• **RECORDS SHOWN**
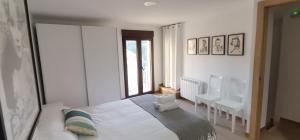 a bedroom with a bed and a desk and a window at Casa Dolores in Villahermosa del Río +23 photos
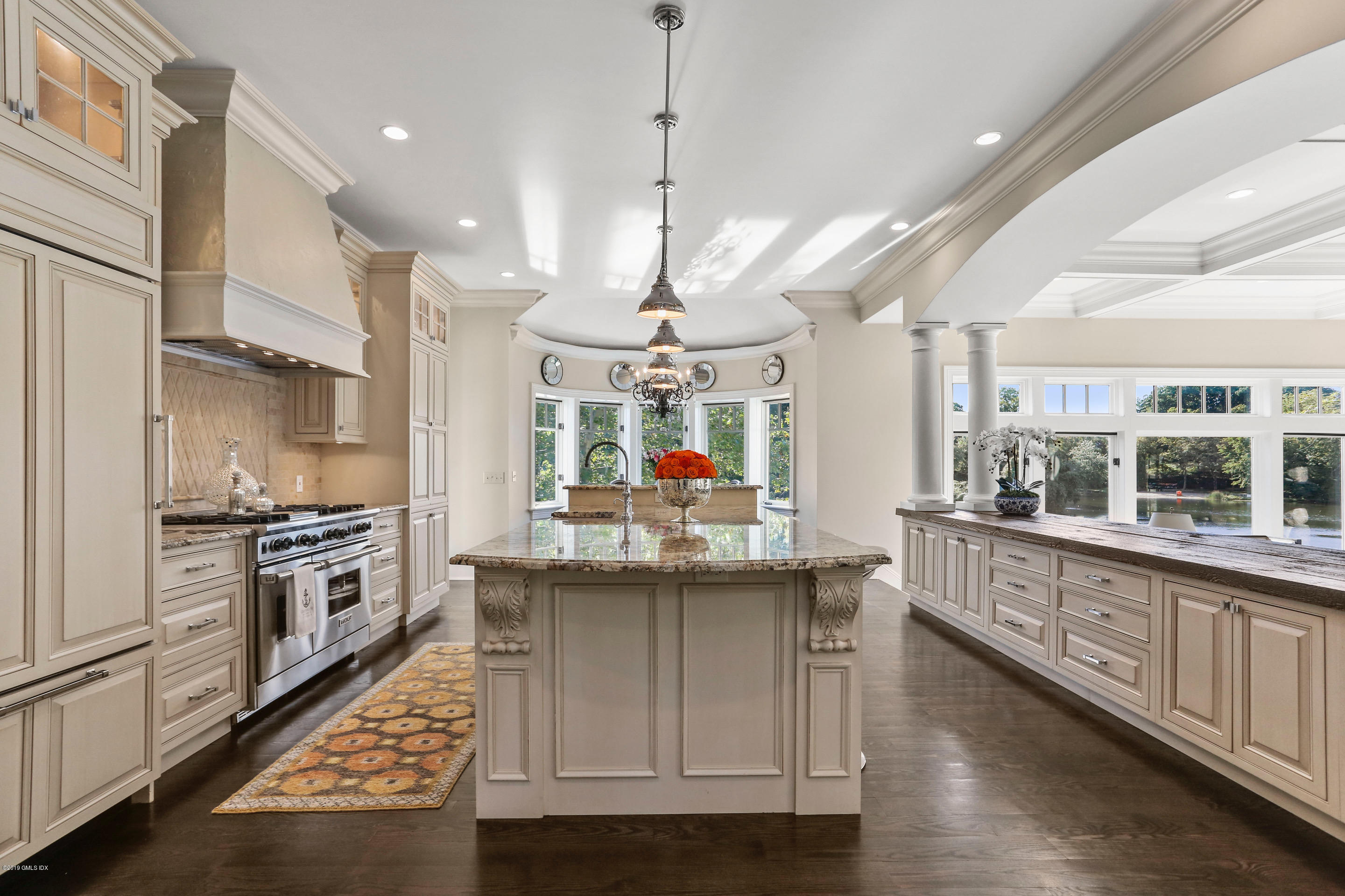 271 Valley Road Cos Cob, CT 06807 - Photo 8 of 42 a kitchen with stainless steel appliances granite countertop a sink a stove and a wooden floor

...

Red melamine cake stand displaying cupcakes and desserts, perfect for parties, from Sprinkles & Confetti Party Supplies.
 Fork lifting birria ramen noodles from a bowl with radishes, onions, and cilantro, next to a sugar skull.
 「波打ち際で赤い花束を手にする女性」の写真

• **TASK**
Above are the entries; copy out every line among them that contains the word "from".

• **YOUR RESPONSE**
Red melamine cake stand displaying cupcakes and desserts, perfect for parties, from Sprinkles & Confetti Party Supplies.
 Fork lifting birria ramen noodles from a bowl with radishes, onions, and cilantro, next to a sugar skull.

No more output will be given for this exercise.